Meteo: verso clamoroso scenario prossima settimana, stop caldo ecco quando
L’anticiclone africano sferrerà un attacco ancora più violento la prossima settimana, poi improvviso refrigerio
L’Italia è divisa in due dal punto di vista meteo, con la canicola al top sulle regioni del Centro-Sud, mentre al Nord si manifestano scricchiolii. Violenti temporali hanno portato rovinose grandinate su aree alpine e prealpine , ma ora arriva il turno di fenomeni localmente violenti anche in Val Padana nelle prossime ore e per giovedì.
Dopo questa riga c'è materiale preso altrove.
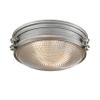 Elk Home Sylvester Flush Mount - 2-Light in Weathered Zinc Finish, with Clear Pressed Glass, Dimmer Compatible view 1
Il caldo è ai massimi come detto. Le temperature si sono spinte sino a picchi di 42-43 gradi in Sardegna. Nei prossimi giorni si registrerà qualche grado in meno anche al Centro-Sud. Non ci sono però buone notizie per il seguito, in quanto una bolla di caldo ancora più rovente dal Sahara si estenderà verso l’Italia.
Un lieve refrigerio, quasi impercettibile, subentrerà anche verso le regioni centrali entro venerdì, mentre poco o nulla cambierà all’estremo Sud dove permarrà attiva la lingua di caldo africano. Nel prossimo weekend le proiezioni indicano una nuova imponente rimonta dell’alta pressione africana.
Una massa d’aria davvero infuocata si riporterà verso il Centro-Sud ad inizio settimana, ma fra martedì e mercoledì anche al Nord. Il caldo potrebbe raggiungere dei limiti davvero eccezionali fino ai record , perché parliamo di un’avvezione calda di entità mostruosa con termiche tra i +26 e i +29 a 1500 metri d’altitudine.
Dal caldo record a nuovi rovinosi temporali
Se fosse confermata una tale ondata di calore, la colonnina di mercurio potrebbe spingersi sino a picchi di 45-47 gradi su alcune località interne della Sicilia e soprattutto della Sardegna . Il gran caldo non risparmierebbe le vallate interne del Centro-Sud, con picchi di 42-43 gradi.
Questa fase di caldo eccezionale potrebbe durare a lungo al Sud, ma al Nord Italia dovrebbero concretizzarsi novità entro il 20 Luglio. Il lieve indebolimento dell’anticiclone darà modo a nuovi temporali di scatenarsi con fenomeni violentissimi e rischio di danni da grandine grossa e colpi di vento.
L’evoluzione meteo a lungo termine indica una possibile fine del caldo, o quanto meno attenuazione della calura, per l’inizio della terza decade di Luglio al Nord e in misura parziale sulle regioni centrali. Poco o nulla sembra cambiare all’estremo Sud e sulle Isole Maggiori sino al weekend del 22-23 Luglio.
Ci sarà infatti la persistenza di un blocco circolatorio nella quale l’Italia sarà contesa fra il flusso rovente sahariano e qualche sbuffo d’aria fresca atlantica . Tale situazione di contrasto potrà inevitabilmente favorire eventuali ulteriori fenomeni temporaleschi violenti, che andremo a definire poi meglio.